The company on Thursday announced CUDA 6, which will make programming easier for supercomputers, servers, PCs and, to a lesser extent, smartphones. The goal of CUDA is to provide underlying tools so programmers can off-load processing from CPUs to GPUs, which is faster for technical and graphics applications.
CUDA 6 offers unified memory, an advanced management feature that makes GPU memory as readily accessible as CPU memory. Previously, data had to be moved from CPUs to GPUs for execution and then moved back, creating two data pools. But with unified memory, a developer doesn’t have to manage where data is to take advantage of the GPU.

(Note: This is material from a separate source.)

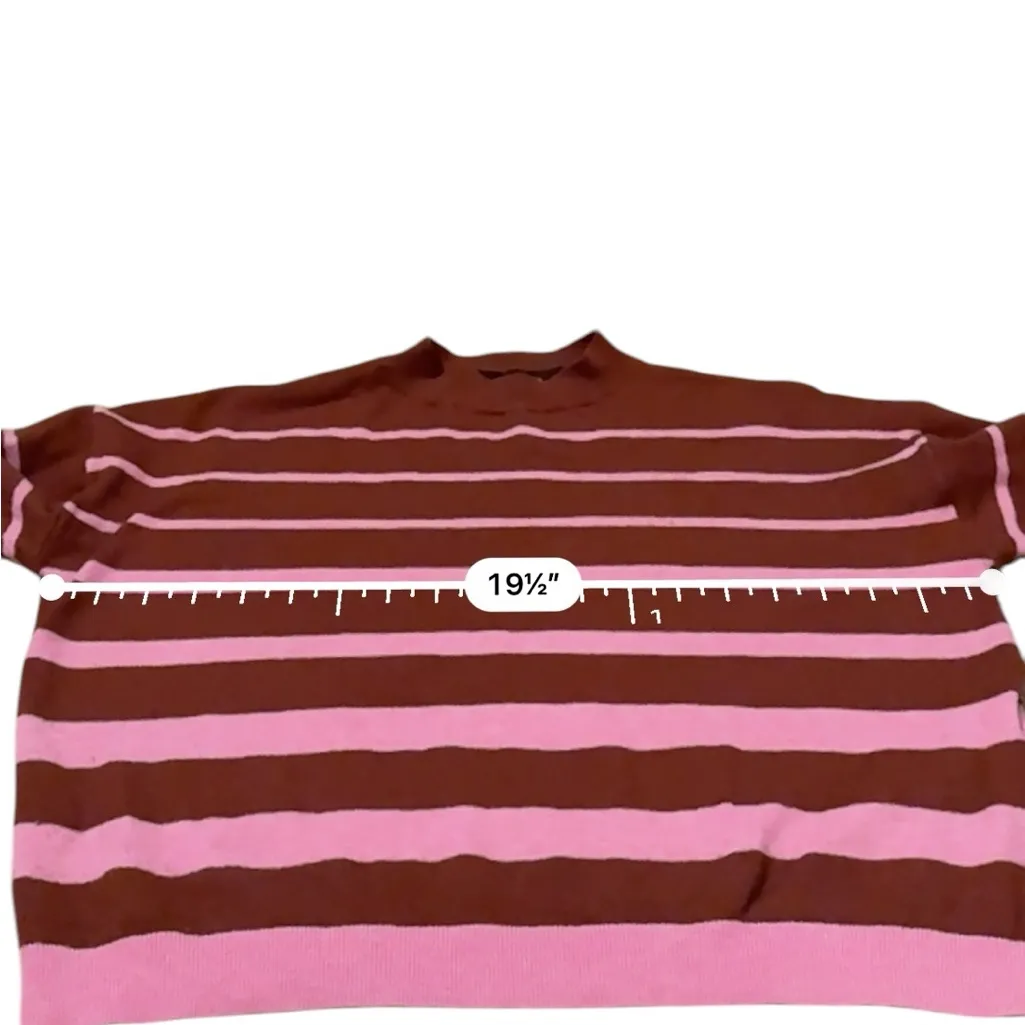 Vero Moda Burgundy & Pink Striped Crewneck Long Sleeve Cropped Sweater Sz XS - Image 8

The memory management feature will figure out whether to dispatch data to CPU or GPU memory, and that will reduce the need for programmers to add lines of code to define where the data should be sent, said Sumit Gupta, general manager of Tesla Accelerated Computing products at Nvidia.

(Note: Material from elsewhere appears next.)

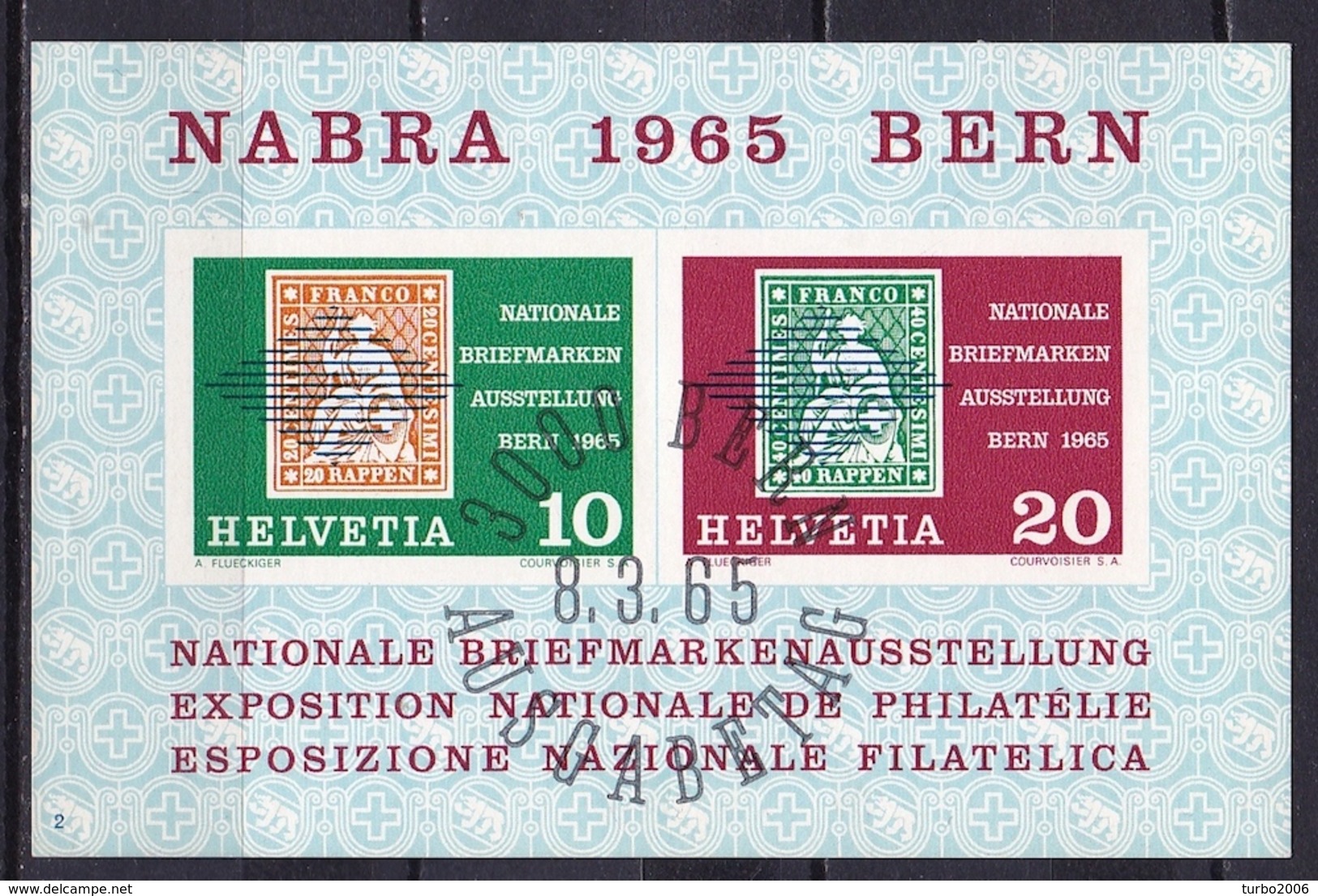 Switzerland / Schweiz / Suisse : 1968 NABRA Block Ersttagstempel  Michel B 20 - Blokken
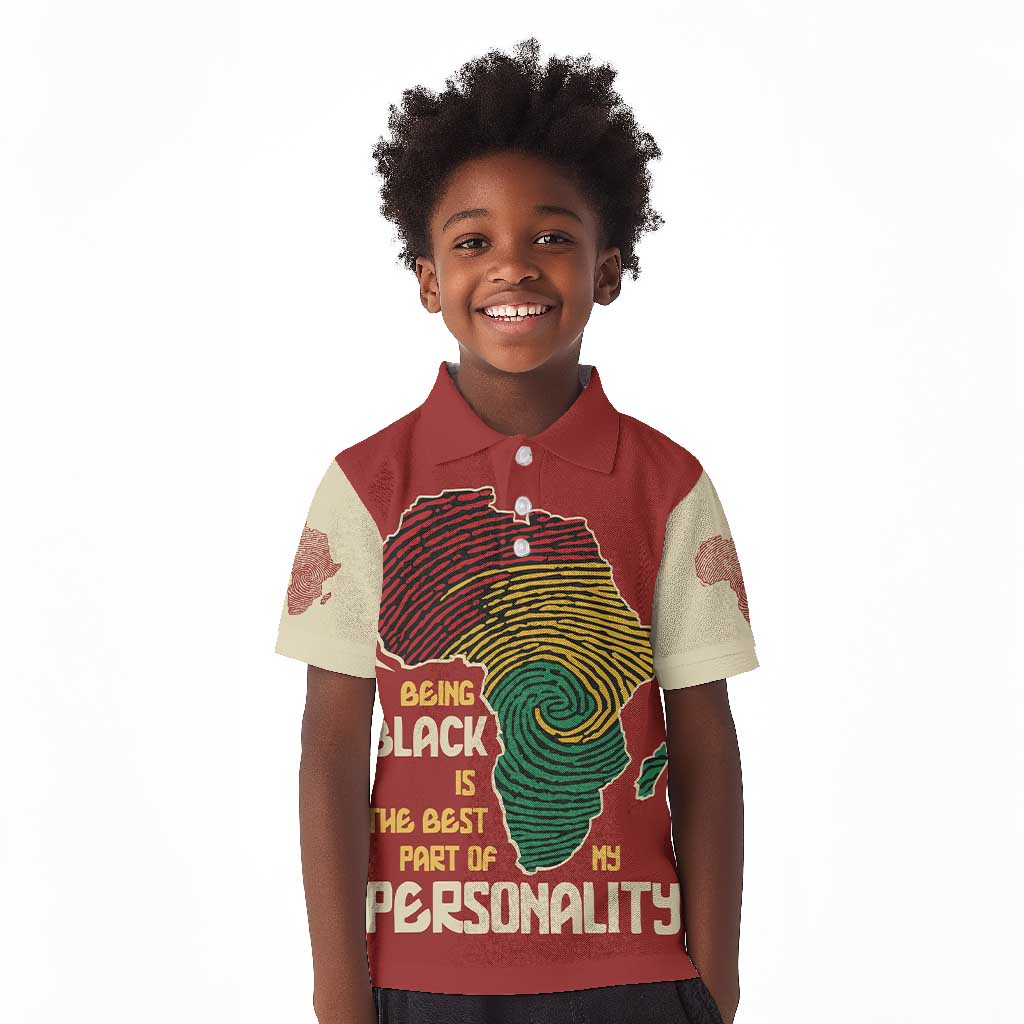 African Map Fingerprint Kid Polo Shirt Being Black Is The Best Part Of My Personality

The developer doesn’t have to worry about GPU and CPU memory because those won’t be handled by programming but by directives in CUDA, said Dan Olds, principal analyst at Gabriel Consulting Group.
“This addition to CUDA is evolutionary, not revolutionary,” Olds said.
For example, GPUs are often used in servers for desktop virtualization and automating memory placement could speed up the deployment of OS instances via virtual machines, Olds said.
CUDA’s unified memory feature is similar to the HSA (Heterogeneous System Architecture) Foundation’s HUMA specification, in which different memory types in a system are shared between processors. The specification allows programmers to write applications without worrying about which memory resource the code is transferred to. Nvidia is not a member of the HSA Foundation, which was founded last year by companies including Advanced Micro Devices, ARM, Qualcomm and others.
The feature also falls in line with Nvidia’s goal to make CPU and GPU memory a shared resource at the hardware level. Nvidia’s upcoming Tegra 6 mobile processor code-named Parker will pool CPU and GPU memory in devices, servers and PCs to expand the addressable memory available to programs. Currently, GPU and CPU memory are divided, though the unified memory feature in CUDA 6 should alleviate that problem at a software layer until the implementation of upcoming hardware improvements.
Some of the world’s fastest supercomputers use GPUs as co-processors to speed up computing. The last CUDA update, version 5.5, added support for ARM CPUs. CUDA 6 has also has improved libraries that could speed up calculations on graphics processors.